Since computerized communication provided open sources of news that made it painfully obvious the Times had let ideology lead them into draconian self-censorship, bias, and occasional (but systematic) outright lies, rather than news coverage, to spread a political agenda.
It's tempting to say since they started that policy. But that still left them "relevant" - like the propaganda machine of ANY ideology with major political power is relevant. What killed their relevance is the availablility of sources they and their ilk couldn't suppress or ridicule into irrevelance.
This was starting to happen in the early days of netnews and bulletin-board systems. But the explosion of home-computer connectivity and web-based interfaces brought it to the general public with a vengance.
I'd say the watershed event was the Drudge Report's breaking of the Lewinsky scandal. People had been switching off mainstream media news for some time. But this made it clear to the broad public that the internet was not just a good source of news, but a BETTER and MORE RELIABLE one, than the broadcaster/newspaper/magazine axis. In particular, it brought the latter's self-censorship and bias into the public eye.
Bantam Dominique roosters crow a four-note song. Once you've heard it as "Happy BIRTHday" you can't NOT hear it that way
Your local library. Unless you're really in the middle of nowhere and your library has no budget at all, go to the library. Heck, you might not even have to go to the library, many libraries now do chat reference, ask-a-librarian, and all libraries have a phone.
There's more, MUCH more, to doing research than using google. Paid databases have it all over google for finding current and historical news information.
If you can't find something local, try the Library Of Congress, they do online chat reference.
Not sure if anyone noticed but in my opinion:
http://nytimes.blogspace.com/genlink
was the only thing of any relative importance as its another nice way to get around the NYtimes registration barrier....
Libraries are generally wonderful, amazing places: well organised, friendly and incredibly expert staff who do their best to get what you need for little or no cost.

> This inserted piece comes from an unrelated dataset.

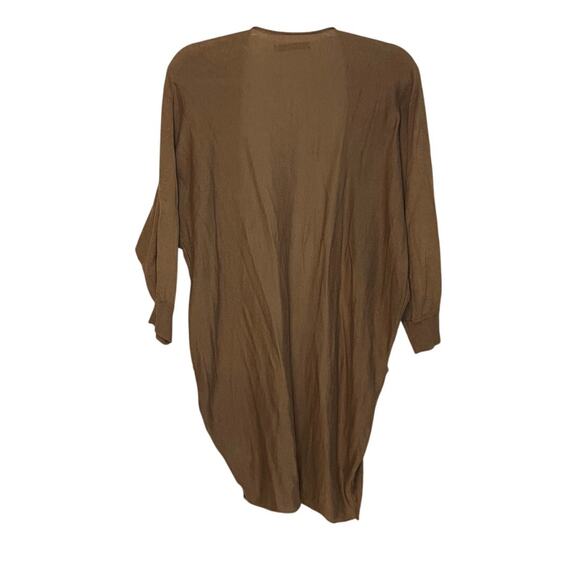 Caramel Batwing Duster Sweater M - Picture 2 of 3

But there is a cost - and people forget about it, because its in our taxes. (Whether or not we should pay for public libraries out of our taxes, and whether the money is well spent is another argument). But the bottom line is that we've had 100 years or so of great services because there has been a general philosophical acceptance that it's a Good Thing for everybody to throw in a few cents for a building in every town, full of good books, staffed by experts, and with an infrastructure to enable gaps in individual library stocks to be covered at a national *and* international level by an interlibrary loan service. Most developed countries now have a superbly developed system for getting paper-based information to their citizens for little cost.
My question is: would we accept paying taxes to do the same via the internet?
I think it's mainly a philosophical, rather than technical question. If we all agreed to pay additional 'library taxes' then there's no reason why existing sources couldn't be made available to all citizens (e.g. your National Insurance number is your password, now you can get the NYT online for free, NYT gets paid by the treasury for its national-to-all-citizens licence each year) and also in the same way that many library indexing systems were evolved by librarians working under public funding, why not use public funding to develop internet archiving / retrieval systems of comparable value? I think it's a philosophical issue, it depends on how you see these technical solutions being funded.